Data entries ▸
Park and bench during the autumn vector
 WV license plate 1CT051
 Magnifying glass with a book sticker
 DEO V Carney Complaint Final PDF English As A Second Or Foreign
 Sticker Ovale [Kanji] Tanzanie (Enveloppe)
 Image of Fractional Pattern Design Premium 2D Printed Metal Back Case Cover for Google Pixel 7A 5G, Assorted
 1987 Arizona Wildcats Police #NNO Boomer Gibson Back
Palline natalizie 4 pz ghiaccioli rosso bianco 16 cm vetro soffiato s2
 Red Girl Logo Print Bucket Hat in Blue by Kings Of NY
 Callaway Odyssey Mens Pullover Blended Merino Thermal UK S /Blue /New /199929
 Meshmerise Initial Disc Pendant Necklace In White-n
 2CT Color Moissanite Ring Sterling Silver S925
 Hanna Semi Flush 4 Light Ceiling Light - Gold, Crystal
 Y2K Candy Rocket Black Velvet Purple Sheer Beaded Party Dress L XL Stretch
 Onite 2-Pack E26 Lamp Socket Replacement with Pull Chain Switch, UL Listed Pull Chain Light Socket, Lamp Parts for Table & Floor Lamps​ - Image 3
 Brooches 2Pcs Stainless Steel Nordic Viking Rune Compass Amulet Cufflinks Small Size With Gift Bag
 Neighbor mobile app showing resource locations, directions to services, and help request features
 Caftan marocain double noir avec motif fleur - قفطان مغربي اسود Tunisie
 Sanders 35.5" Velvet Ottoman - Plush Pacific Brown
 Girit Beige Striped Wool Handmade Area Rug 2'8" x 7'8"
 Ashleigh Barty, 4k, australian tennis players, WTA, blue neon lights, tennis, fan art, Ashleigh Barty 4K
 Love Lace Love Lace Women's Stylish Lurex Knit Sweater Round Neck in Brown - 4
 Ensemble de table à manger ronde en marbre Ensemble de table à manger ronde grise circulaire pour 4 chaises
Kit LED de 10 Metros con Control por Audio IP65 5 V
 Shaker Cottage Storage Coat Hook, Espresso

What needs to be done ▸ Search the entries for the word "Brown", then list each line that holds it.

Solution to this exercise ▸
 Sanders 35.5" Velvet Ottoman - Plush Pacific Brown
 Love Lace Love Lace Women's Stylish Lurex Knit Sweater Round Neck in Brown - 4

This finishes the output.